Tombstone-based deletion¶
View shards are memory-mapped and read-only at the filesystem level. remove() handles this by
using two strategies:
- Active shard entries: removed immediately via USearch's lazy deletion (the HNSW node is marked as deleted internally).
- View shard entries: tracked in a
_tombstonesset.

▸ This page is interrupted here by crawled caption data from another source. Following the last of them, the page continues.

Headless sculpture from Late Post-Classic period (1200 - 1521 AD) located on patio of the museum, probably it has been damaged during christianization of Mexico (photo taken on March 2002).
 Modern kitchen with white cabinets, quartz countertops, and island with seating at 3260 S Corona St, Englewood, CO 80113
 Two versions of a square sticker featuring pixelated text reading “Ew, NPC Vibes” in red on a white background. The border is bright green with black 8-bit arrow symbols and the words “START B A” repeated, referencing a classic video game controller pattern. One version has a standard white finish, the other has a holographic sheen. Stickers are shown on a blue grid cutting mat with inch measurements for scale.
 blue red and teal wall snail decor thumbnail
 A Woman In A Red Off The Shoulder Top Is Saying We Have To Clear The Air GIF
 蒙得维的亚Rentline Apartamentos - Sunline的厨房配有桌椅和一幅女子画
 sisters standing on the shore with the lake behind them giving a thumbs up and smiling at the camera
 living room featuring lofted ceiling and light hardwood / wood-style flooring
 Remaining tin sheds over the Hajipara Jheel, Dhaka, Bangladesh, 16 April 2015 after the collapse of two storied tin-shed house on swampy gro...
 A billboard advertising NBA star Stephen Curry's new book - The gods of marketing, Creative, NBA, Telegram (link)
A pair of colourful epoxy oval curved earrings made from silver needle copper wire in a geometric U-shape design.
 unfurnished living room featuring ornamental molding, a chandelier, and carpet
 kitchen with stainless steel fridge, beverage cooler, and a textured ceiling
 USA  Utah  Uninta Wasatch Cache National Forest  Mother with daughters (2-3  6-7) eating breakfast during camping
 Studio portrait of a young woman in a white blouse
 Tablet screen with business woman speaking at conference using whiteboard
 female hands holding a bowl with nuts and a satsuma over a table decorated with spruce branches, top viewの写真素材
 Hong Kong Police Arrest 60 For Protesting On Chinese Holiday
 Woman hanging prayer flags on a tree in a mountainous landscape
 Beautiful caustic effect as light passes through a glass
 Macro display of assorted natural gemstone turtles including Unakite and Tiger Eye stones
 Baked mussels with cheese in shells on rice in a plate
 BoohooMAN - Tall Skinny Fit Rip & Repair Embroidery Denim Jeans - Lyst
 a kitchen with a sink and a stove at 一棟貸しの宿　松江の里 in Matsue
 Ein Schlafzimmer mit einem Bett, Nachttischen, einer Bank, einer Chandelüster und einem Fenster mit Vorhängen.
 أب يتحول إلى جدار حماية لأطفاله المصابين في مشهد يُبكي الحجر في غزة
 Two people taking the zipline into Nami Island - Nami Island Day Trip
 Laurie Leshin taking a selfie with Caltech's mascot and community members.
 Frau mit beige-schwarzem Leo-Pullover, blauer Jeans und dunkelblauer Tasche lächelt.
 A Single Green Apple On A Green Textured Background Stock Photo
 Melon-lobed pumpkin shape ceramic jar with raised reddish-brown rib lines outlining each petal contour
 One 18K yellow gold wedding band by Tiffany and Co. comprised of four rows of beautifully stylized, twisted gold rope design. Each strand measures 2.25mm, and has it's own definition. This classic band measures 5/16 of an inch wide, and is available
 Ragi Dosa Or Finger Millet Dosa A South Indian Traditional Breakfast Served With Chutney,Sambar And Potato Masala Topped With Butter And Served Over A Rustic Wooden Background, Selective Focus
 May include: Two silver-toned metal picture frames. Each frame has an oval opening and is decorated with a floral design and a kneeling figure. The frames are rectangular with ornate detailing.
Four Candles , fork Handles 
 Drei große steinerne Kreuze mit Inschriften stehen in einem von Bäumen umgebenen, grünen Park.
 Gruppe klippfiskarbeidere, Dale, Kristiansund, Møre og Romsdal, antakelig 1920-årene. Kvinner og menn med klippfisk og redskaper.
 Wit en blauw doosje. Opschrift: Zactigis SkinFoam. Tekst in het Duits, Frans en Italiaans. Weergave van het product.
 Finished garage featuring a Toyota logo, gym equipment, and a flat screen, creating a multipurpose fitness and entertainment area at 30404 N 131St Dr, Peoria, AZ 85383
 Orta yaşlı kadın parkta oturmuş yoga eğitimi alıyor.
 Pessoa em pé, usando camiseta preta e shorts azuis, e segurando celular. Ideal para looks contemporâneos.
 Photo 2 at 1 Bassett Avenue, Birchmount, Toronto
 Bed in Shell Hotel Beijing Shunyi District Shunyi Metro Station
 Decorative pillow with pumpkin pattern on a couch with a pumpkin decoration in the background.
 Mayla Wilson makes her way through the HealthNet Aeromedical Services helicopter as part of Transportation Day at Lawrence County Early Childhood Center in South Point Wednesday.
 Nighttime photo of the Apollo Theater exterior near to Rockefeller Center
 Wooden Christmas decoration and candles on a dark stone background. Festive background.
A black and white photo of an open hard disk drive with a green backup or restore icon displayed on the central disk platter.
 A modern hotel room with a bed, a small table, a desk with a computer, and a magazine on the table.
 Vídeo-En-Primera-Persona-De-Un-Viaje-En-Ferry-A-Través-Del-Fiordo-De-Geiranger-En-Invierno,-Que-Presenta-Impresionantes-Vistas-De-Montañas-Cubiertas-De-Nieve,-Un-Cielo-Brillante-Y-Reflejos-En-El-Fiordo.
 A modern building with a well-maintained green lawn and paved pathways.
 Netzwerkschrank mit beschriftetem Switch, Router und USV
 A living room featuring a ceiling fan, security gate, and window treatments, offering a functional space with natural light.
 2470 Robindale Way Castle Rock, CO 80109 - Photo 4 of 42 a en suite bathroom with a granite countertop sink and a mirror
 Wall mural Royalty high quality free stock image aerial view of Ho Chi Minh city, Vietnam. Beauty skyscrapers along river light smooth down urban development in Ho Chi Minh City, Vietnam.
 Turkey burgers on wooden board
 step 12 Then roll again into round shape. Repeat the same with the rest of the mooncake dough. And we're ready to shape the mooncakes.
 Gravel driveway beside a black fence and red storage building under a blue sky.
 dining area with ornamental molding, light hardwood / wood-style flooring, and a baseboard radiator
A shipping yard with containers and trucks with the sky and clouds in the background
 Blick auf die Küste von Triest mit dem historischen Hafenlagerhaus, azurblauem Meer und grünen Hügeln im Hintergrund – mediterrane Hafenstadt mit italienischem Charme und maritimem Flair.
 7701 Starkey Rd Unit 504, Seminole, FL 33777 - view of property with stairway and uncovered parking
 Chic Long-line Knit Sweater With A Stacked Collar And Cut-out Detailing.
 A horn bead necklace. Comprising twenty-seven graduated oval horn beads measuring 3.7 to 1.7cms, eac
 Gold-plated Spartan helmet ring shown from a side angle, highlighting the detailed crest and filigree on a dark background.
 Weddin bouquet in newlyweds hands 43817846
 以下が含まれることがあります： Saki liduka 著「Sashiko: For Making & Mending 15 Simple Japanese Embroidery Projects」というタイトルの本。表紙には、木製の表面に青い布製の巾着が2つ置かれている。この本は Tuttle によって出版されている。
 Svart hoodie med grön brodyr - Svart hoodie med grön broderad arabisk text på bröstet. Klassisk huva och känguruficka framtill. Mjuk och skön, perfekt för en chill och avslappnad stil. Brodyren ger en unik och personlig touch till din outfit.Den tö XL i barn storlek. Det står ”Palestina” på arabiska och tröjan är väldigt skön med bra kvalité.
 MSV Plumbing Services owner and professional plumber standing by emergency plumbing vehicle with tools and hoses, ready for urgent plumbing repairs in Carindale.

Tombstoned keys are suppressed in search results and iterators without modifying the view shard files.
Tombstones are persisted as tombstones.npy alongside shard files, so deletion state survives
save/load cycles.
Compaction¶
Over time, tombstoned entries waste disk space and increase search fan-out overhead. compact()
rebuilds view shards to physically remove tombstoned and cross-shard duplicate entries:
- Collect live entries from each view shard (newest-to-oldest, active shard keys authoritative).
- Release all memory-mapped references (required on Windows).
- Rebuild shard files containing only live entries; delete empty shards.
- Reopen rebuilt shards in view mode, rebuild the bloom filter, and save.
Compaction is optional — tombstoned entries are already filtered from reads. Compact when disk space matters or tombstone density is high.
Dirty counter¶
All writable indexes expose a dirty property that counts unsaved key mutations (adds and
removes). It resets to 0 on save() and reset() but not on shard rotation — bloom filter and
tombstone state may still need flushing. Read-only indexes always return 0. Use dirty to
implement caller-driven flush policies (e.g., "save every 1000 writes").
Additional operations¶
upsert()provides insert-or-update semantics by callingremove()thenadd(). Batch upsert deduplicates within the batch (last occurrence wins).add_once()provides skip-if-exists semantics — it adds a vector only when its key does not already exist. Useful for idempotent batch loads.reset()releases all in-memory resources (view shards, active shard, bloom filter, tombstones) without deleting files on disk.